**EXERCISE**
Would you repeat word for word the lines of the listing that follows, from the one with "Flasques Nom personnalisé" up to and including the one with "Icon shopping bag.", and leave out the images?

**SOURCE MATERIAL**
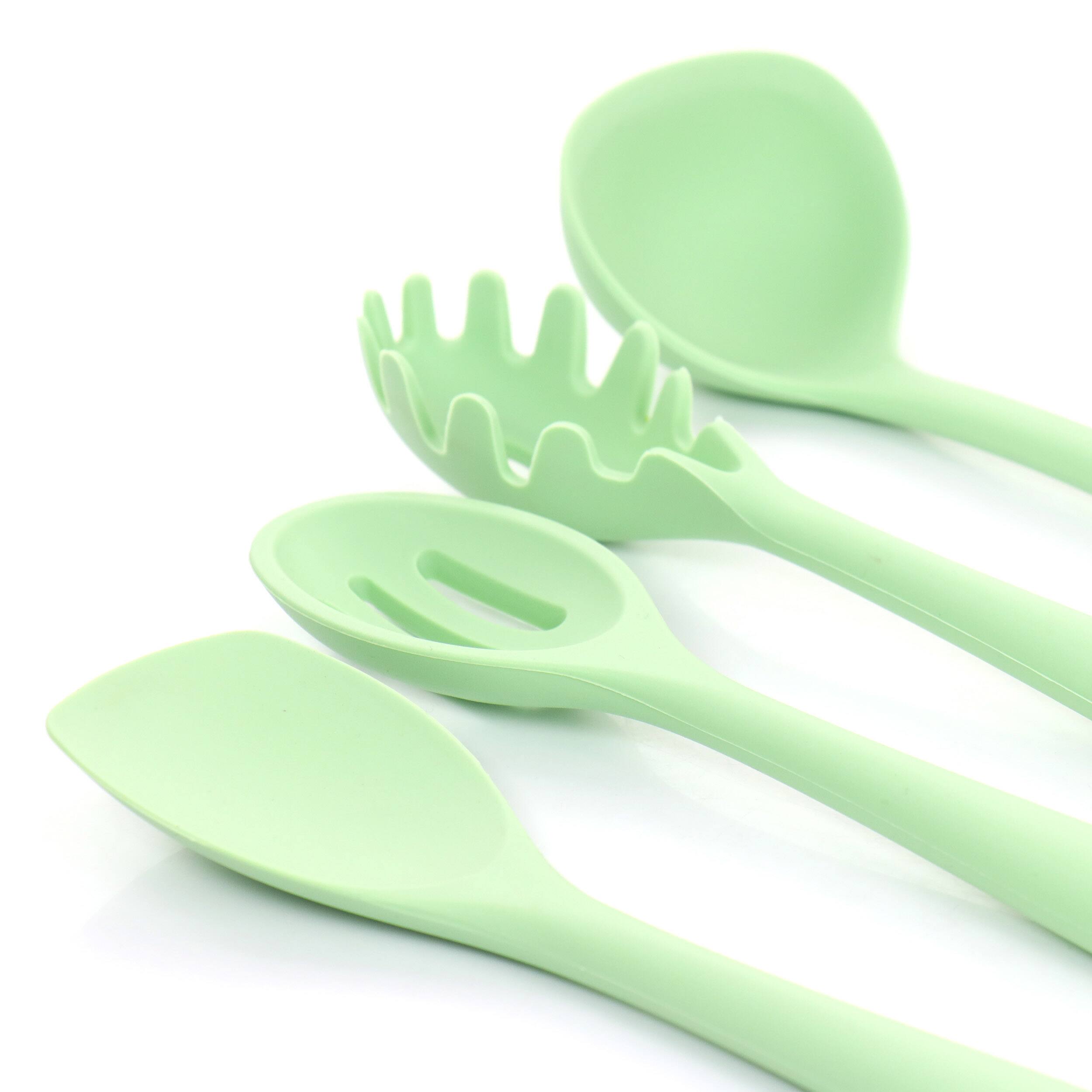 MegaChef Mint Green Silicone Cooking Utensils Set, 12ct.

==

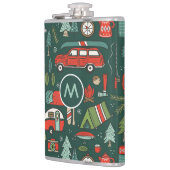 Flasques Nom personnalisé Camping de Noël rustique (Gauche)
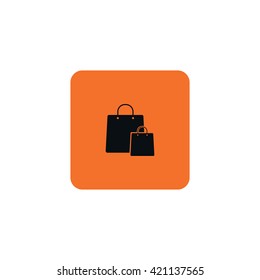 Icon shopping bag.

---

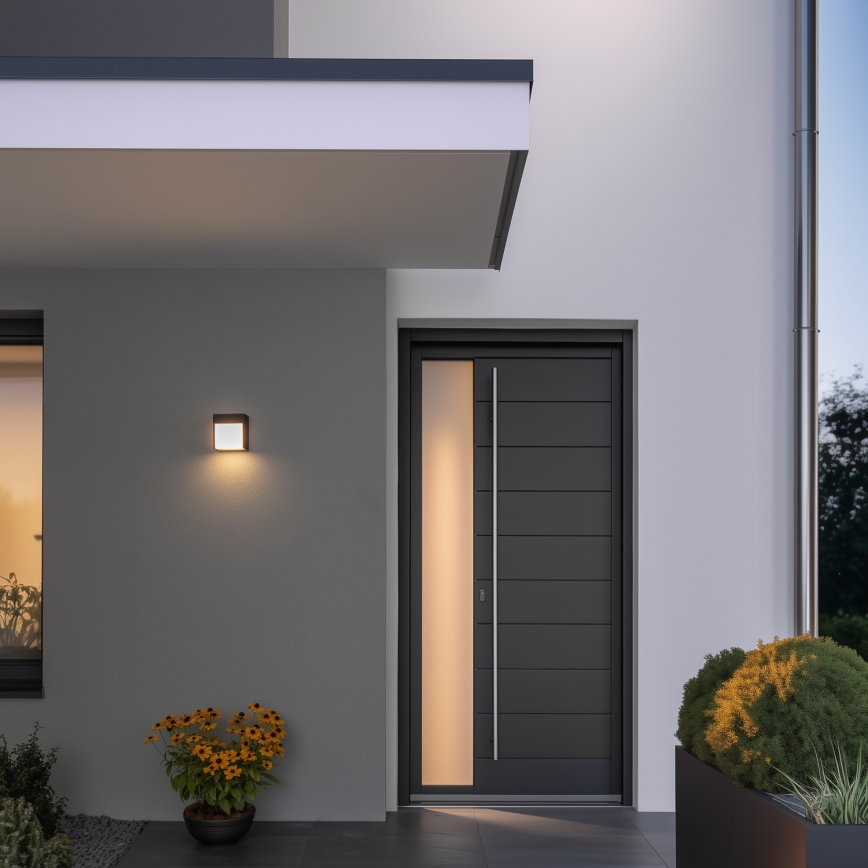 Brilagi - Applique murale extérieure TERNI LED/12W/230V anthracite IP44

**WORKED SOLUTION**
 Flasques Nom personnalisé Camping de Noël rustique (Gauche)
 Icon shopping bag.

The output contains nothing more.